As networks scrambled to fill several hours of coverage, O.J. experts and friends were omnipresent, offering opinions and revisiting the double murders of Nicole Simpson and Ron Goldman in 1994 that led to the unceasing O.J. phenomena.

On ABC News, anchor George Stephanopoulos interviewed Dr. Henry Johnson, a friend of Simpson who visited the armed robbery convict several times in prison. The exchange got testy at one point, when Johnson professed the innocence of Simpson in the double murder case.

Johnson: “I believe that O.J. will rise once again and people will recognize that an innocent man has been persecuted for the last 25 years.”

Stephanopoulos: “But he was found liable for the deaths [in the civil case] by a jury of 12 people, a jury of his peers.”

Johnson: “If Ron and Nicole were here, they would tell you that you got the wrong guy.”

Stephanopoulos: “You don’t know that.”

Johnson: “Yes I do. And, I’ll tell you why. (long pause)”

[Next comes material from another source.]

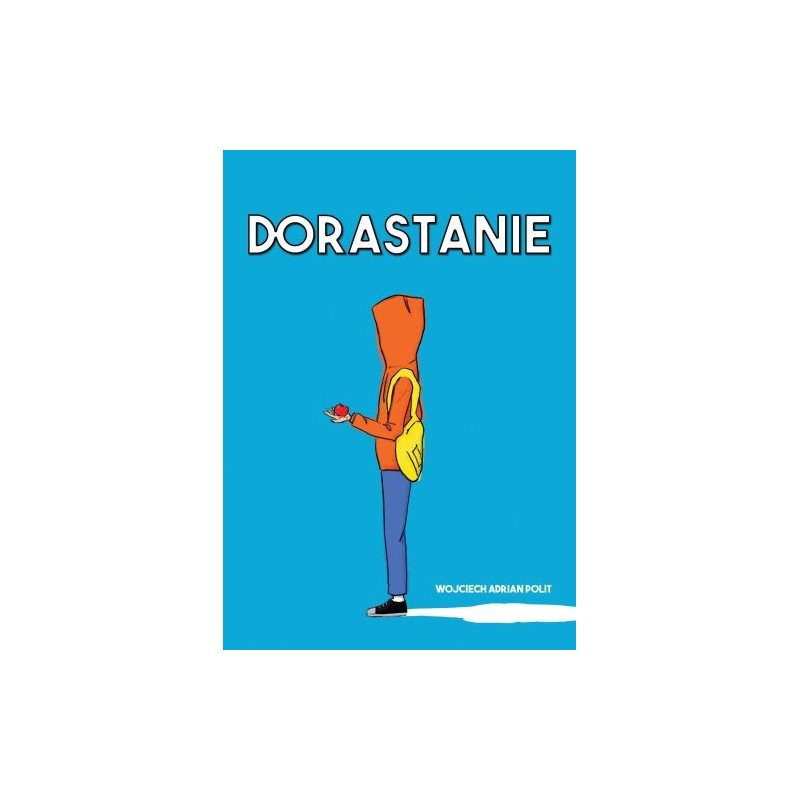 DORASTANIE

Stephanopoulos: “Go ahead.”

Johnson: “(deep breath) I would tell you this. Contrary to the great American delusion. Nicole spoke to her mother by phone, while O.J. signed autographs on the red-eye flight. And they hid the phone records from the jury. They were only shown fake, fraudulent phone records that supported Marcia Clark’s phony timeline. Nicole and Ron did not get killed until after midnight. You’d have to be an utter, absolute fool to assume that one guy could kill two people with a knife and nobody heard anything.”

Simpson trial expert Dan Abrams was in the studio with Stephanopoulos and quickly responded: “I’m one of the fools.”

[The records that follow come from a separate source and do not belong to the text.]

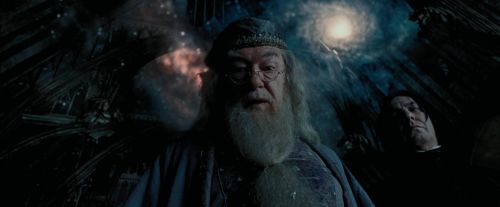 Click to view full size image
==============
PdA-Potterish_3246.jpg PdA-Potterish_3246.jpg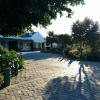 Отель St Helena Bay Hotel, фото 35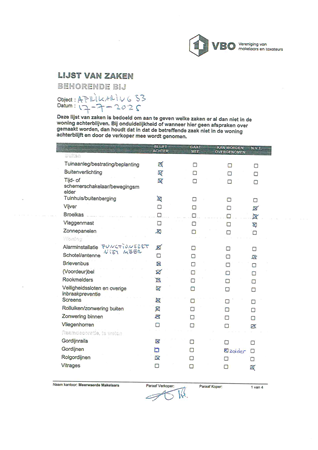 Brochure preview - Lijst van zaken ingevuld.pdf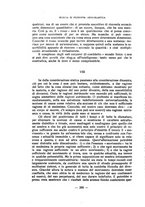 giornale/CFI0364528/1929/unico/00000280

The phone record theory is nothing new to the case, but Johnson seems to have introduced a fresh take with the “after midnight” part. Estimates put the time of the murders between 9:37 and 11 p.m.

In 2000, Simpson sued GTE Corp. to have the phone records released, according to a story by the Los Angeles Times. Simpson claims that phone records would have shown that Nicole talked to her mom around 11 p.m.

From the Los Angeles Times: “If the women talked on the phone at 11 p.m., Simpson claims, he has an ironclad alibi: He was riding in a limousine to Los Angeles International Airport to catch a flight to Chicago.”

The phone company said it was complying with California laws that protect the privacy of customers.

The suit was thrown out by a judge who said it “borders on being frivolous.”

Johnson was not able to go into further detail about his theory, but it would sure seem to undermine the timeline for the alleged frame-up of Simpson at his home. Don’t forget, Kato Kaelin heard the thump on the air conditioner at 10:45 p.m. The bodies of Nicole Simpson and Goldman were found at 12:10 a.m.

Abrams had the last word about Johnson’s revelation: “The reality is that O.J. Simpson was a free man and the reality is that a civil jury still believed he was responsible for the killing of Nicole Brown and Ron Goldman. … I think it’s disrespectful to their memories to have comments like this being made, suggesting that the case was all a fraud.”